Obamacare to Trumpcare transition must consider reimbursement method
St. Luke’s Health System is on a journey to be among the best in the nation when it comes to health care outcomes and to lower the total cost of care.
We are nationally recognized in regard to the former. And for seven years, we’ve worked toward the latter, while adjusting to the requirements of the Affordable Care Act.
This year, we launched our initiative in partnership with insurance companies to take full accountability for the outcomes of care and the cost of that care. We are on our way to making health care more affordable.
But with the election, a new administration and rallying cries for repealing and replacing the ACA, St. Luke’s — and our health care colleagues in Idaho and across the country — must prepare for a whole new set of rules.
We are following 22 elements that may or may not end up in “Trumpcare,” the successor to “Obamacare.”
Those interested in my analysis can find it on my blog, but in general, I believe that only four of the 22 possible elements are either somewhat or very desirable and/or likely.
St. Luke’s did not support the ACA. It was inconceivable that tens of millions of people could be added to the ranks of the insured and health care spending would decrease.
Our concern has been validated. While decreasing the uninsured rate is laudable, it doesn’t become fiscally feasible until we also address the real driver of health care spending — the fee-for-service reimbursement system.
Unfortunately, most of the discussion around Trumpcare is the same conversation we had around Obamacare — about insurance coverage, not making fundamental changes to the broken reimbursement system.
And while Obamacare did not address the true problem, it did make a dent in the uninsured rate — and shored up the state’s care expense coffers.

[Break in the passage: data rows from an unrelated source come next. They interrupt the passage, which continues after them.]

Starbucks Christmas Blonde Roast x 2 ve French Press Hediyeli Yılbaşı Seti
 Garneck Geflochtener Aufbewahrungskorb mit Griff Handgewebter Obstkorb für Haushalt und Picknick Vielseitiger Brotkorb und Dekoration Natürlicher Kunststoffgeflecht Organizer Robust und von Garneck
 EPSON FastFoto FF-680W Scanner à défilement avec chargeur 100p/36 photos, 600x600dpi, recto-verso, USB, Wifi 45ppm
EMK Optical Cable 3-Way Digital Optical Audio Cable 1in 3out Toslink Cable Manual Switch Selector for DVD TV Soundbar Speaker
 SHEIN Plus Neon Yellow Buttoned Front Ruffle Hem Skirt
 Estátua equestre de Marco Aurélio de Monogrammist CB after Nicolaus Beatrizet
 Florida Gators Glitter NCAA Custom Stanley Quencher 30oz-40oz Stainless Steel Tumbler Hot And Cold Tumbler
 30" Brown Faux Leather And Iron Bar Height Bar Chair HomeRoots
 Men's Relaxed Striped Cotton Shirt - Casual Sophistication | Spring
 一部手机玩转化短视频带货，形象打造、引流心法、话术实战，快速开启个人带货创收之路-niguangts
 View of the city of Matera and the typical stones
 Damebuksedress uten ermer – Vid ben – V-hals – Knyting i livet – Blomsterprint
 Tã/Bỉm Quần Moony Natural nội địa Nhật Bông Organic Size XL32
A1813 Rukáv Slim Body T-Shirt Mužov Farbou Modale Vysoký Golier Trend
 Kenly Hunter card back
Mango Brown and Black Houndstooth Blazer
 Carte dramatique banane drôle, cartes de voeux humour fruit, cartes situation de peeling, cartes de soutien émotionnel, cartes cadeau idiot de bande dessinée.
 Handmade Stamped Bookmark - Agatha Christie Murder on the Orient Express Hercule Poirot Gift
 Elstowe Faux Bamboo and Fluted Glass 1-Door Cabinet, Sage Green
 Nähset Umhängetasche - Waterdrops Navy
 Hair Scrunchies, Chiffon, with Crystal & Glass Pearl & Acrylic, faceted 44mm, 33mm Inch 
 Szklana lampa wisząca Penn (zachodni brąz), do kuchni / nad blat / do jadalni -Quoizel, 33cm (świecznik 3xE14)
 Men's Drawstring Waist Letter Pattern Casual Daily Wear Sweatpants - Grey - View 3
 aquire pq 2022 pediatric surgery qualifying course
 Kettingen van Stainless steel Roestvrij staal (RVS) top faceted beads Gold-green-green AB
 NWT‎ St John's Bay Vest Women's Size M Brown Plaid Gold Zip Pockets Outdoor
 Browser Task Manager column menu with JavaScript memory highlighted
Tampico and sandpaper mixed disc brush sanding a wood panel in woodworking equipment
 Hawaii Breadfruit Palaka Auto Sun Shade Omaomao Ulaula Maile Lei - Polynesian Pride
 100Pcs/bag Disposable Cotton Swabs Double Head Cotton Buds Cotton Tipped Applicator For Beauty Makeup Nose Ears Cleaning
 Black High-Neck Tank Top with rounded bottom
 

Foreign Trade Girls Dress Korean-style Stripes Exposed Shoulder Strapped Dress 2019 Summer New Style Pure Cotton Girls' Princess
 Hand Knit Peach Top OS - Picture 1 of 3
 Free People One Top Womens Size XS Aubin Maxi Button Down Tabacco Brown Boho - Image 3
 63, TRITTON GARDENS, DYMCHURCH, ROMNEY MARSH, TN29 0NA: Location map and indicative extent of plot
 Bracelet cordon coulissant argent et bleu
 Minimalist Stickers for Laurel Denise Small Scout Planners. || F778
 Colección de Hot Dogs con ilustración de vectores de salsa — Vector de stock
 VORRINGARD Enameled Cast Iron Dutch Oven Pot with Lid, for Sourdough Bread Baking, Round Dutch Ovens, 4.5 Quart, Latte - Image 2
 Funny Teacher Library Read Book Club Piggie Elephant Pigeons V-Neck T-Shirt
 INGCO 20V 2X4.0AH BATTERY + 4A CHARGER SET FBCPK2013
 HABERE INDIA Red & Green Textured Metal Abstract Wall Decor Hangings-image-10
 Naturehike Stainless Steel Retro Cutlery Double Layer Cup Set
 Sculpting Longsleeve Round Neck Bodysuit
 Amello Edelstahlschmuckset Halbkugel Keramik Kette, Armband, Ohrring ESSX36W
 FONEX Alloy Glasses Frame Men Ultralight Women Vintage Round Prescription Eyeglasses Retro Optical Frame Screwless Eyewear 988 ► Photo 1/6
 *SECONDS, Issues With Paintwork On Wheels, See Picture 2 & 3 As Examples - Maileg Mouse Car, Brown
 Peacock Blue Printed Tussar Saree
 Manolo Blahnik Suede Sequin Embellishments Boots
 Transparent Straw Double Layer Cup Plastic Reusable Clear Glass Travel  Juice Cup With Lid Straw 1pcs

The uninsured rate in Idaho fell from 17.7 percent in 2010 to 11 percent in 2015, without Medicaid expansion, and 109,000 Idahoans obtained health insurance coverage as a result of the ACA.
Costs incurred through the county and state’s catastrophic health care funds dropped from $55 million in 2012 to less than $34 million in 2016. The state’s share of those costs dropped from a record-high sum of $33.9 million to just $16.6 million over that same time period.
The Catastrophic Health Fund has returned more than $40 million to the state general fund since 2012, savings resulting from having more Idahoans with significant illnesses or injuries insured.
A lot is at stake for insurers, providers, businesses, our state’s economy and the people of Idaho as we wade into Trumpcare. As a state, we literally cannot afford to lose the benefits we have seen accrue to Idaho over the past half-dozen years. At the same time, we must address problems that remained after ACA implementation.
St. Luke’s strategy does not change, no matter who is in office, but the degree of difficulty in implementing our strategy certainly is affected. Through it all, St. Luke’s physicians and employees are intent on providing the world-class care and caring that we have become known for.
David C. Pate, M.D., J.D., is president and CEO of St. Luke’s Health System.